Task requirements
Word for word, print each record, dropping any image it holds.

Collected data entries
%%

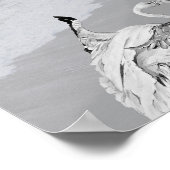 Poster Flamant rose noir et blanc Art tropical imprimable (Coin)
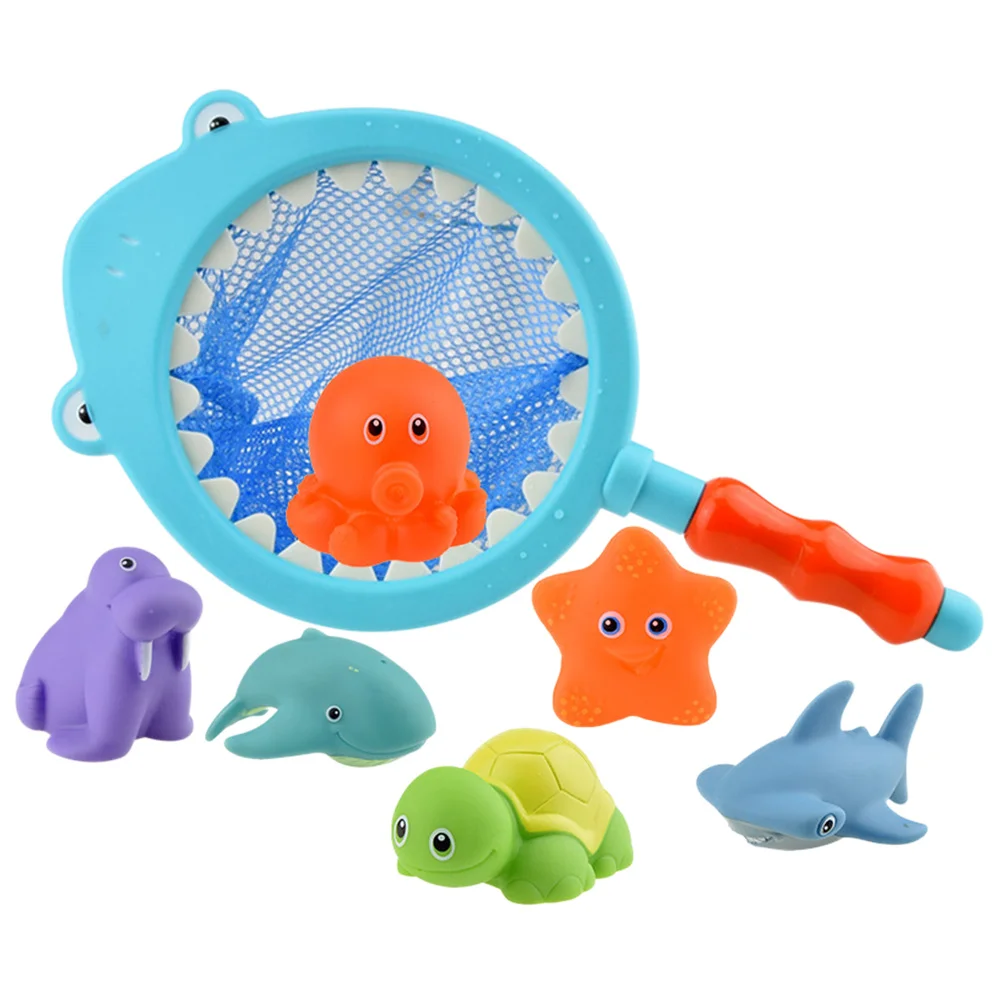

7 Pcs Children's Bath Toys Kids Bathing Floating Squirter Baby Shower Infant Squeaky Educational Puzzle Bathtub Games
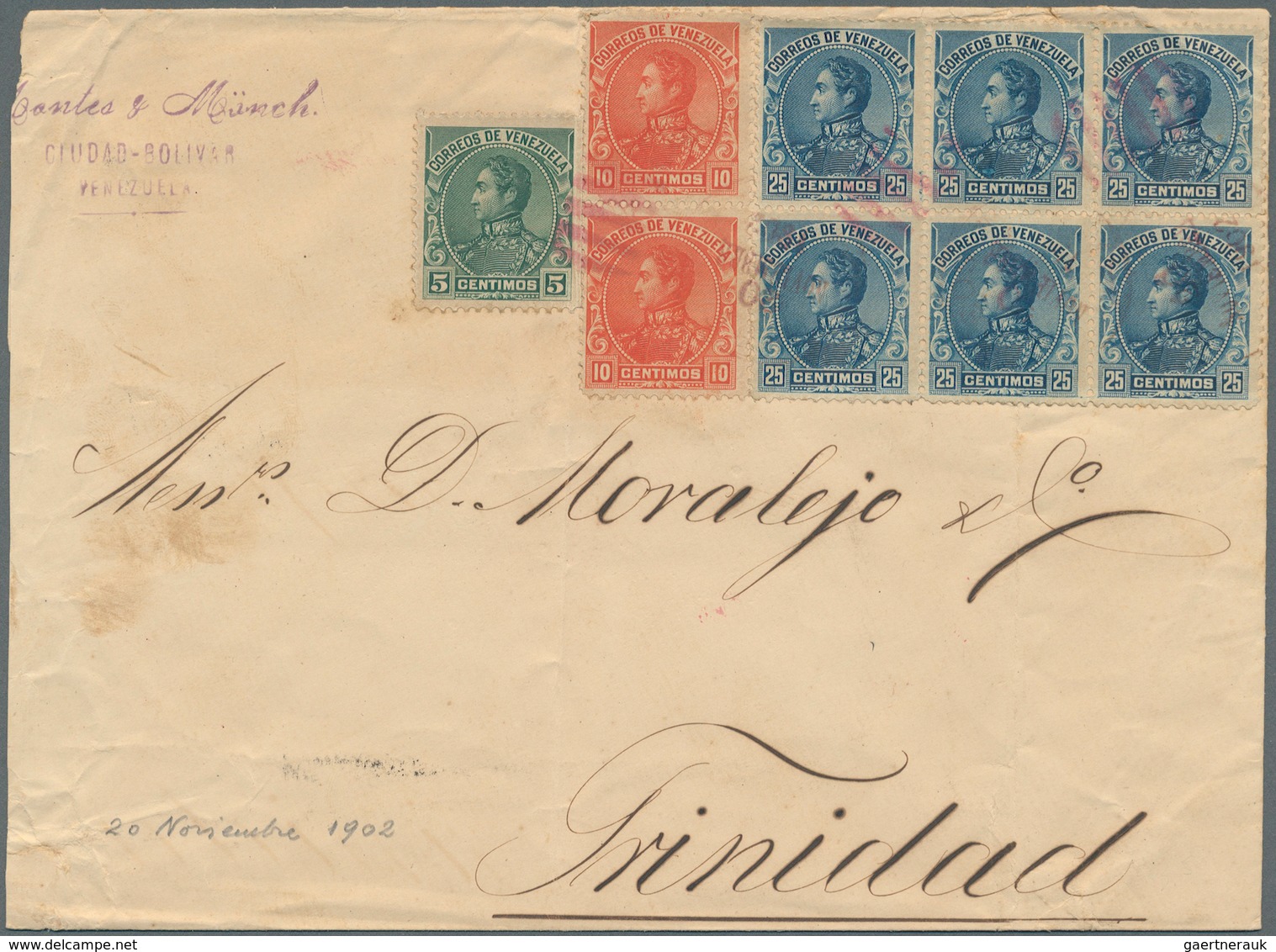 12618 Venezuela: 1902, Ciudad Bolivar: 5 C Green, Pair Of 10 C Orange And 25 C Blue In Block Of Six On Env - Venezuela
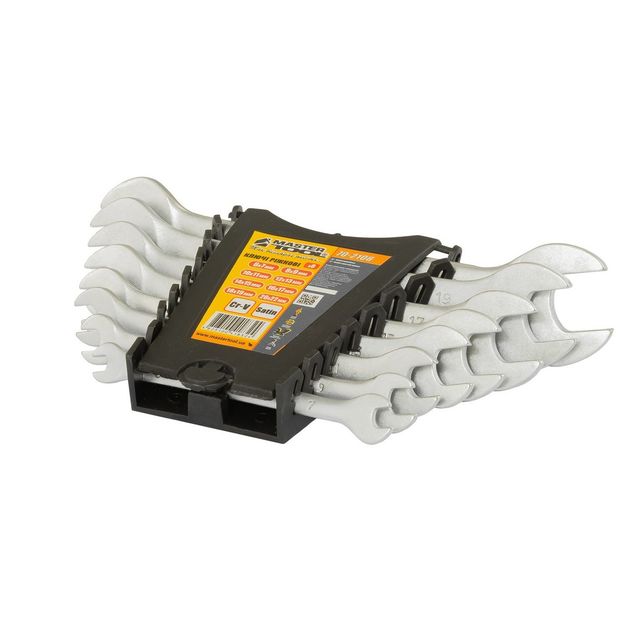 Рожковые ключи MASTERTOOL SATIN FINISH, 8 шт, 6х7 - 20х22 мм, фото  | SNABZHENIE.com.ua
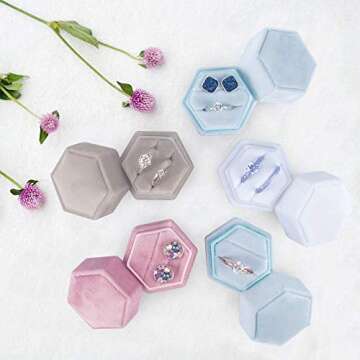DesignSter Velvet Hexagon Ring Box for Weddings and Proposals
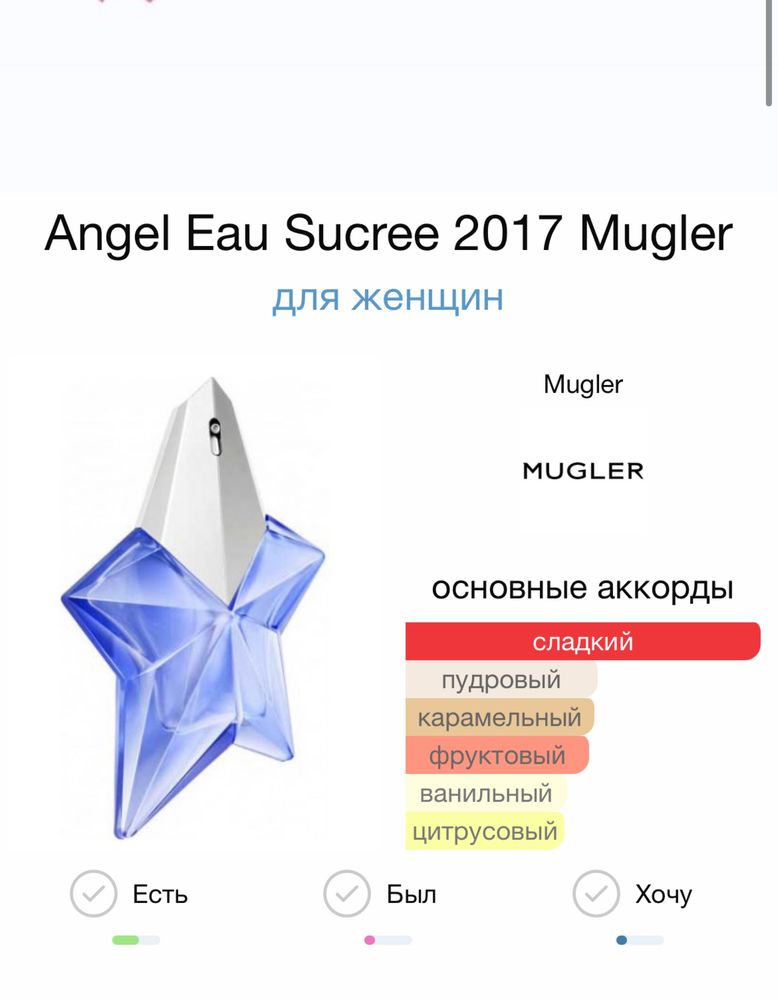 Thierry Mugler Angel Eau Sucree 2017 туалетная вода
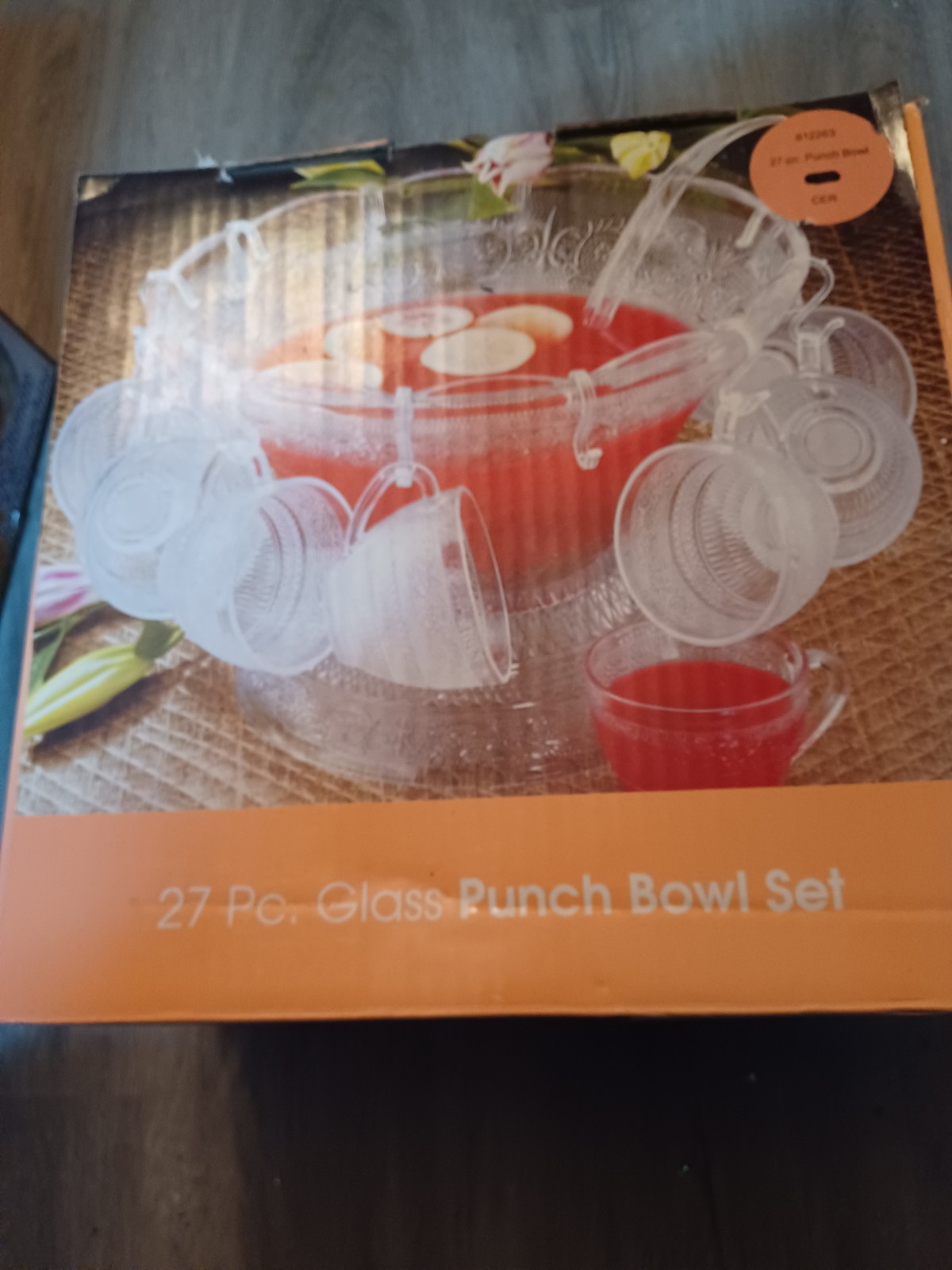 27 piece glass puch bowl set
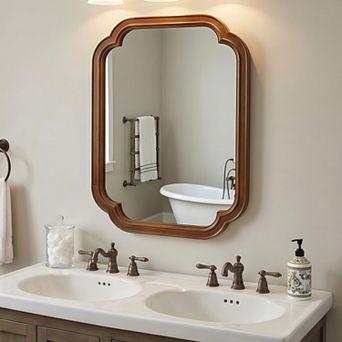 Black Walnut Color 24" x 36" Solid Wood Frame Rounded Corner Decorative Mirror, Bedroom, Living Room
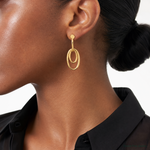 Leslie's 14K Polished Oval Dangle Post Earrings - Model Shot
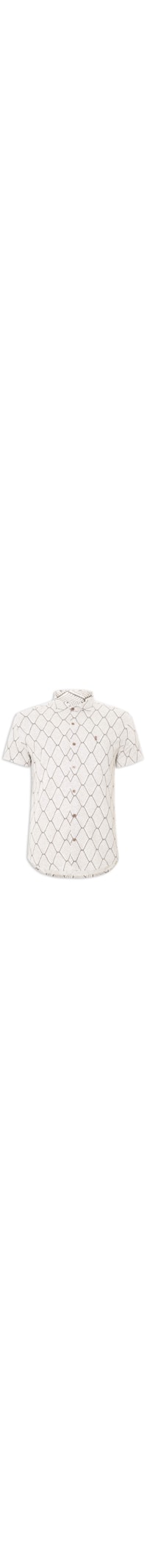 Camisa Masculina Manga Curta Rústica Waves - Bege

%%

Solution for this exercise
 Poster Flamant rose noir et blanc Art tropical imprimable (Coin)

7 Pcs Children's Bath Toys Kids Bathing Floating Squirter Baby Shower Infant Squeaky Educational Puzzle Bathtub Games
 12618 Venezuela: 1902, Ciudad Bolivar: 5 C Green, Pair Of 10 C Orange And 25 C Blue In Block Of Six On Env - Venezuela
 Рожковые ключи MASTERTOOL SATIN FINISH, 8 шт, 6х7 - 20х22 мм, фото  | SNABZHENIE.com.ua
DesignSter Velvet Hexagon Ring Box for Weddings and Proposals
 Thierry Mugler Angel Eau Sucree 2017 туалетная вода
 27 piece glass puch bowl set
 Black Walnut Color 24" x 36" Solid Wood Frame Rounded Corner Decorative Mirror, Bedroom, Living Room
 Leslie's 14K Polished Oval Dangle Post Earrings - Model Shot
 Camisa Masculina Manga Curta Rústica Waves - Bege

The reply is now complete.